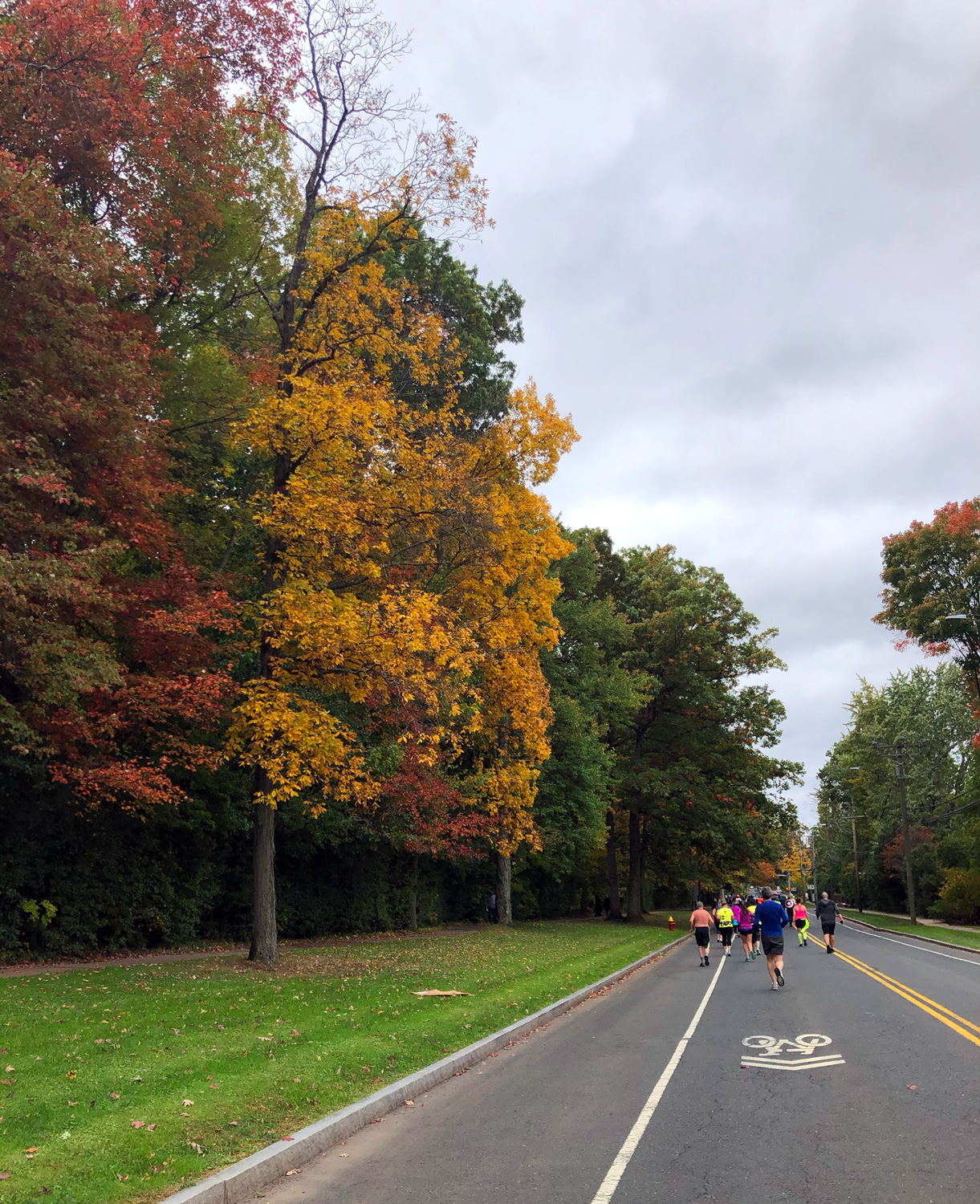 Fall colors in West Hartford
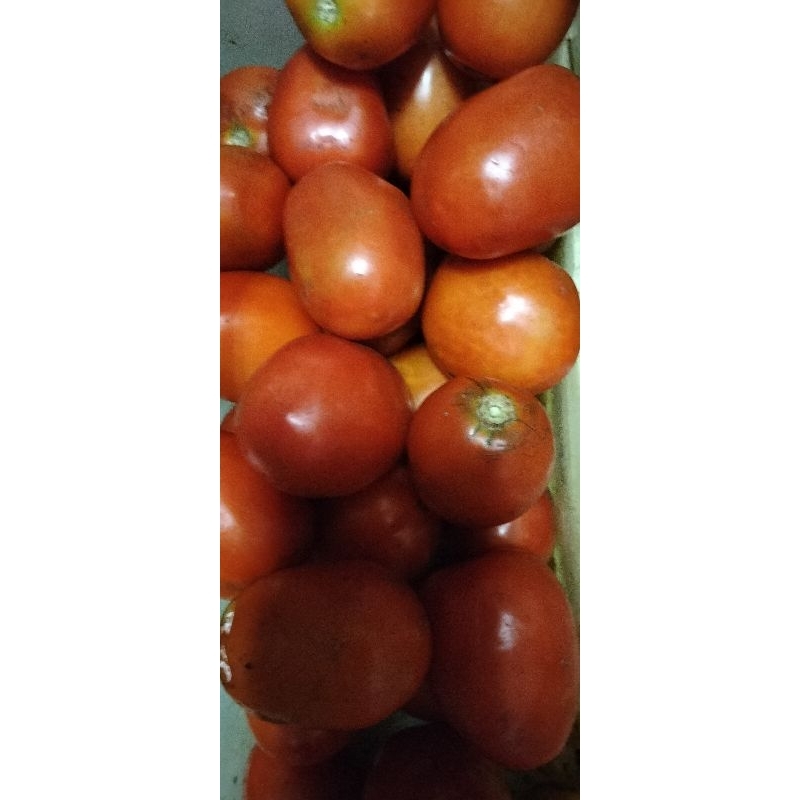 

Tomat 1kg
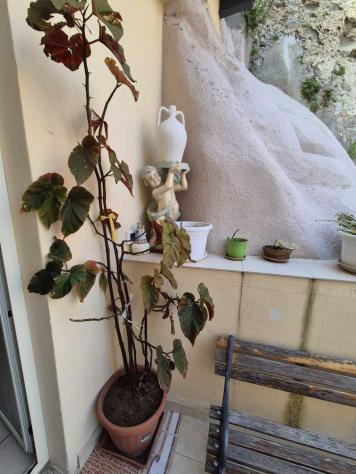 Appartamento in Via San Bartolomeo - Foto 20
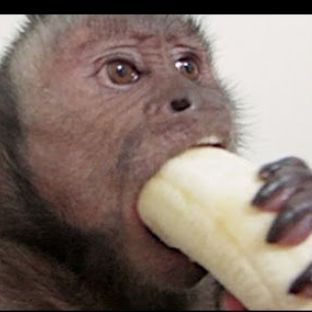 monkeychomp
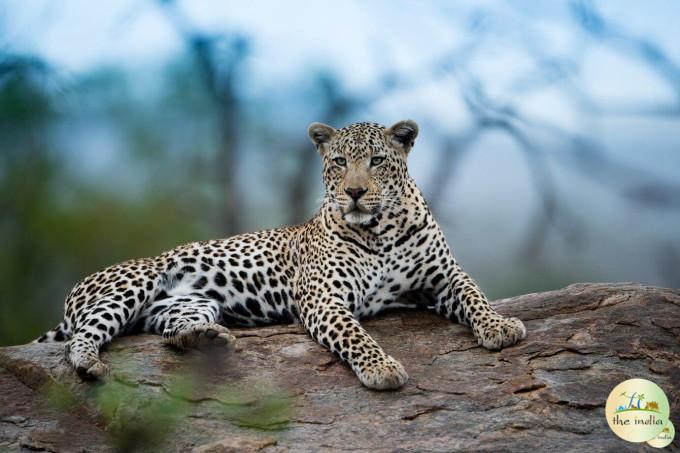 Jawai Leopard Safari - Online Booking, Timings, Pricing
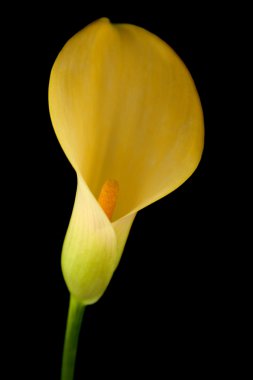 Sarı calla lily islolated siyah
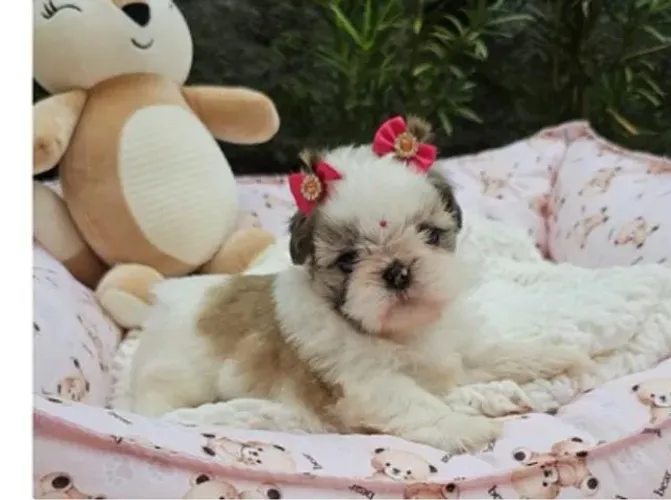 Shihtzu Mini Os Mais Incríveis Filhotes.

● ● ●

Transcribe everything above exactly. Do not include the pictures.

 Fall colors in West Hartford

Tomat 1kg
 Appartamento in Via San Bartolomeo - Foto 20
 monkeychomp
 Jawai Leopard Safari - Online Booking, Timings, Pricing
 Sarı calla lily islolated siyah
 Shihtzu Mini Os Mais Incríveis Filhotes.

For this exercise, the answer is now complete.